The records
== Segment start ==

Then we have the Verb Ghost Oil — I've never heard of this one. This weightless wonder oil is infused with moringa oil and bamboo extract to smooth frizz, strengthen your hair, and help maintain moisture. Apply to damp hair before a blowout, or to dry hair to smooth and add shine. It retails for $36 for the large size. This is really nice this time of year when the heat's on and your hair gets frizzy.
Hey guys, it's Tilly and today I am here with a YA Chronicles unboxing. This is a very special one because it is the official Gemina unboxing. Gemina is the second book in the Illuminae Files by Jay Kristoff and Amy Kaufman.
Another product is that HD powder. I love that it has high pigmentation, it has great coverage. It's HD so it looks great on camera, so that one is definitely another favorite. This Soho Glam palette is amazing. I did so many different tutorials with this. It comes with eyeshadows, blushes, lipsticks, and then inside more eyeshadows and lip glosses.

== Segment end ==
== Segment start ==

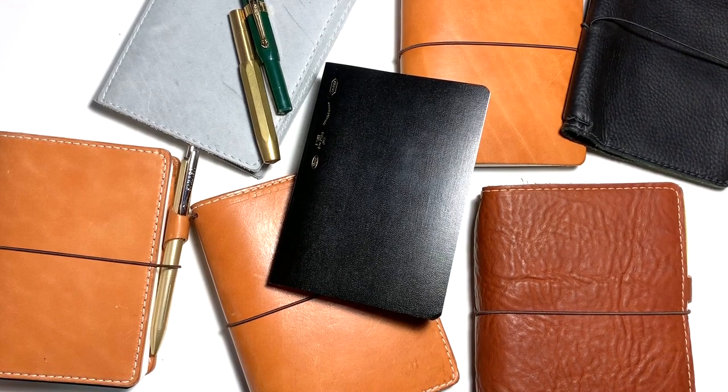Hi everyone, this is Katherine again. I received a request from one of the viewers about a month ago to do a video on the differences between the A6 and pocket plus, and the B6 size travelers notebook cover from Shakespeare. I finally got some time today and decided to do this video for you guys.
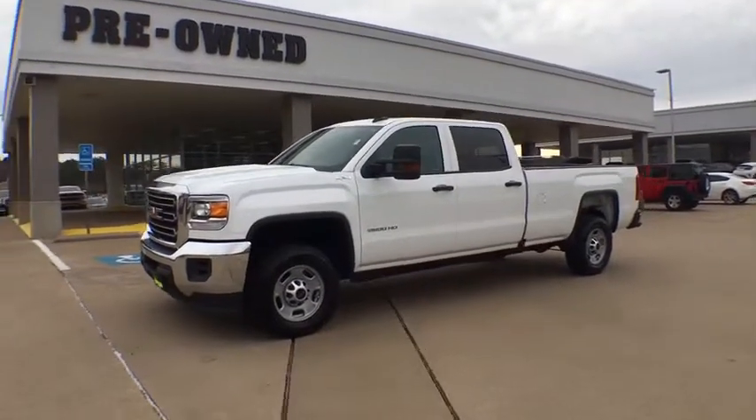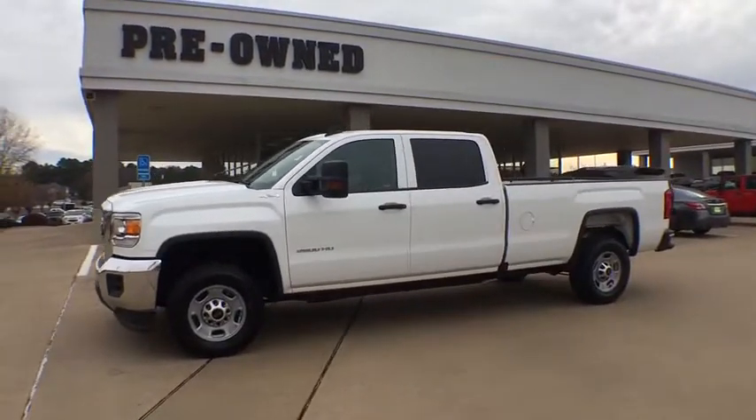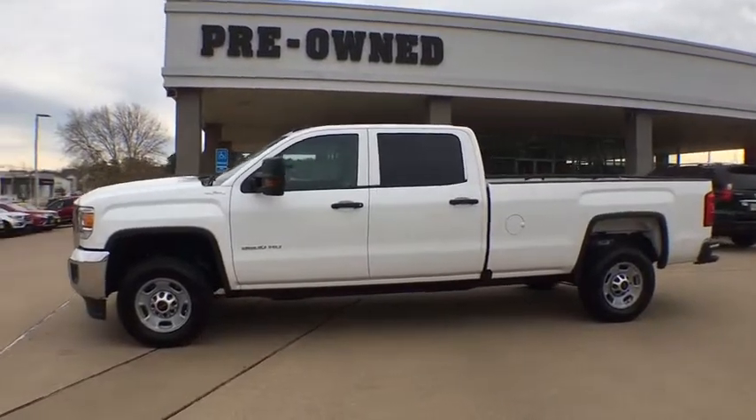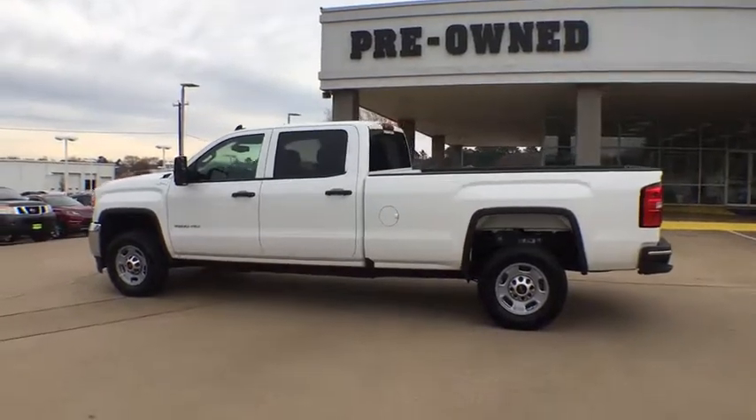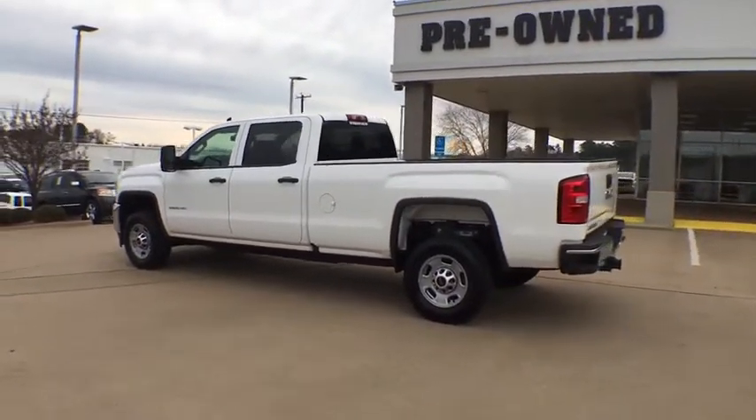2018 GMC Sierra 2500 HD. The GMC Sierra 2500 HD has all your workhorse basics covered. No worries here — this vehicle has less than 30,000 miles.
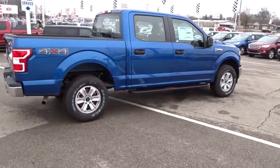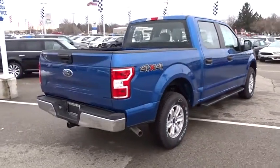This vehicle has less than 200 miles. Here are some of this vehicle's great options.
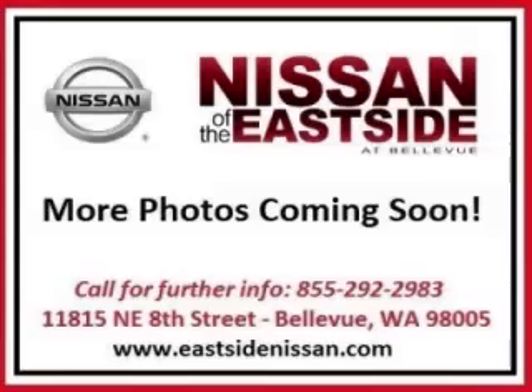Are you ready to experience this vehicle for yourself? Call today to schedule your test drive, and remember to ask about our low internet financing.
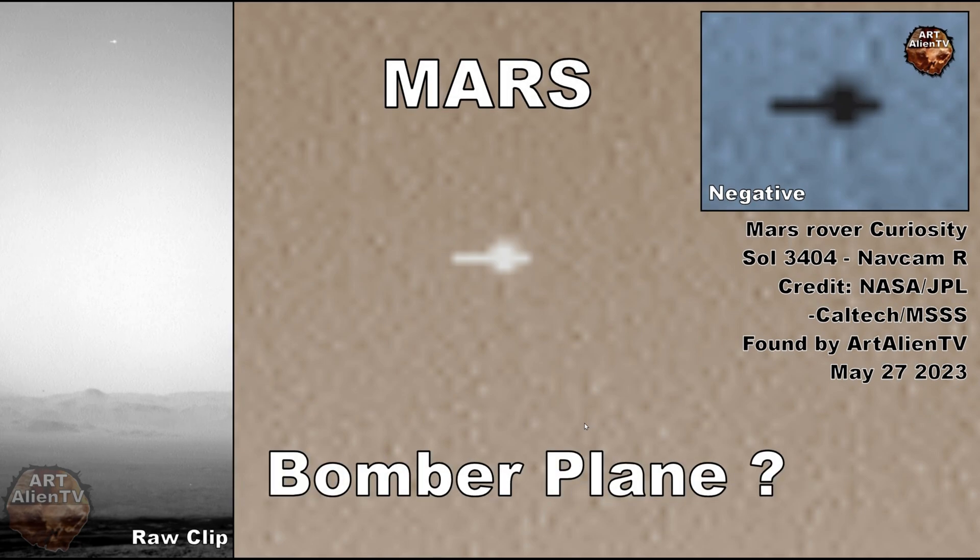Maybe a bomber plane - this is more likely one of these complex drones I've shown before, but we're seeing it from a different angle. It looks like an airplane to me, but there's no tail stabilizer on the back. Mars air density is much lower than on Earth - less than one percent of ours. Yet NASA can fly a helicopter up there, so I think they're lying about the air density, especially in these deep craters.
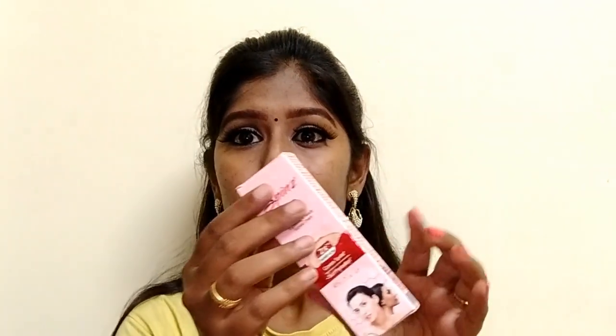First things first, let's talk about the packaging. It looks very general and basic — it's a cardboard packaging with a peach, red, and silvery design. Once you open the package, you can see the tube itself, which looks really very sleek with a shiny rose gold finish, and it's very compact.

== Segment end ==
== Segment start ==

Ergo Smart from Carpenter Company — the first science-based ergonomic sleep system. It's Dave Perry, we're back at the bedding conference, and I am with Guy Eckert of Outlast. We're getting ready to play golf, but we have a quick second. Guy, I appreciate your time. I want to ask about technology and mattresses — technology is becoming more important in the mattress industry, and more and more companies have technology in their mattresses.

== Segment end ==

Exercise
Your reply is to be an exact repeat of the listing above from the line holding "Are you ready" down to the line holding "First things first, let's", ends included, pictures excluded.

Written answer
Are you ready to experience this vehicle for yourself? Call today to schedule your test drive, and remember to ask about our low internet financing.
Maybe a bomber plane - this is more likely one of these complex drones I've shown before, but we're seeing it from a different angle. It looks like an airplane to me, but there's no tail stabilizer on the back. Mars air density is much lower than on Earth - less than one percent of ours. Yet NASA can fly a helicopter up there, so I think they're lying about the air density, especially in these deep craters.
First things first, let's talk about the packaging. It looks very general and basic — it's a cardboard packaging with a peach, red, and silvery design. Once you open the package, you can see the tube itself, which looks really very sleek with a shiny rose gold finish, and it's very compact.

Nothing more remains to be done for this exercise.